Ivey, who is suing Genting for $12.3 million in unpaid winnings at Punto Banco, rejected the casino's accusations that he cheated and explained to London's High Court that he believes edge sorting is a perfectly legitimate technique.
"It's not in my nature to cheat and nor would I risk my reputation by acting unlawfully in any manner," the 10-time WSOP bracelet winner said. "As a professional gambler, my job is to seek to lawfully reverse or reduce the perceived house edge," he continued.
"My integrity is infinitely more important to me than a big win, which is why I have brought these proceedings to demonstrate that I have been unjustly treated."

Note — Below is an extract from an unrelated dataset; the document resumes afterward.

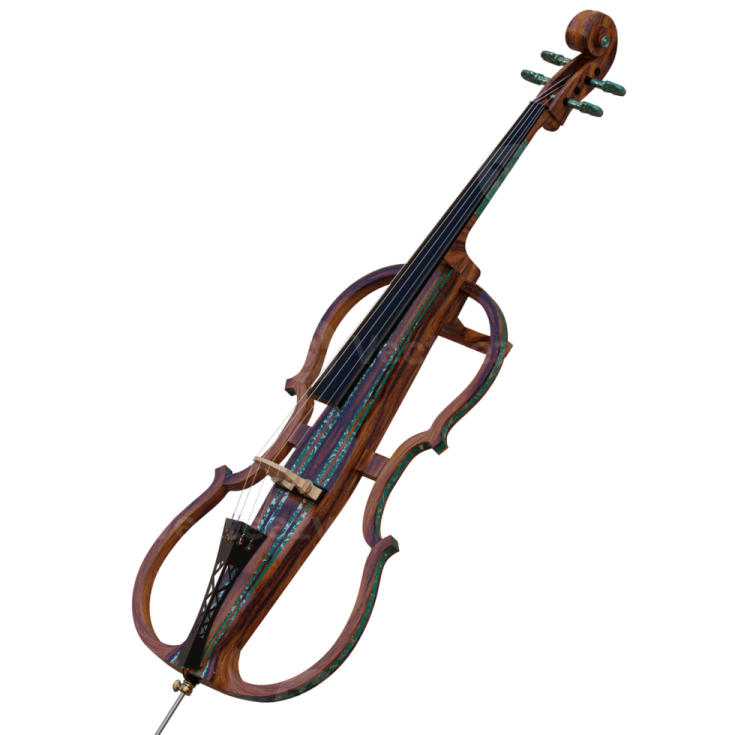 a violin on a white background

According to Ivey, professional gamblers always seek for legitimate ways to process all the information available to all players in order to reduce the house edge. Even if this sometimes results in disastrous losses.
"I use a variety of strategies whilst playing in casinos," he told the judge. "I would not be doing my job very well if I did not seek to use to my benefit weaknesses that I identify in the way that casinos set up or offer particular casino games."
However, "no system is fail-safe," Ivey continued. "Each time I play I risk failing to execute the strategy properly. Some of these are very complex or difficult to execute - which usually results in me losing a lot of money."
The case, which is expected to come to an end by next week, is not the only one which involves Ivey and a casino in a legal battle over contested winnings and the legitimacy of the edge-sorting strategy.
Ivey is currently engaged in another legal action in the United States, where he has been sued by the Borgata Casino for $9.6 million.
According to the Borgata, Ivey and his partner Cheng Yin Sun managed to put together massive winnings by cheating at the baccarat tables.
Ivey, on the other hand, has always considered his winnings perfectly legitimate and claimed that the edge sorting technique cannot be counted as cheating.
Ivey to explain edge sorting on 60 Minutes
In the attempt to defend his international reputation also outside of London's High Court, Iveyis set to join James Brown's 60 Minutes Sports on Tuesday, Oct. 7.
In the interview, Ivey will discuss the lawsuits and defend his innocence in the cheating claims.
"Casinos don't like card counters, shuffle trackers, bias wheel players or any skilled or advantage players, though none of these advantage-play strategies are considered illegal," Ivey explained.
60 Minutes Sports airs on Showtime, in the USA, at 10 p.m. every Tuesday.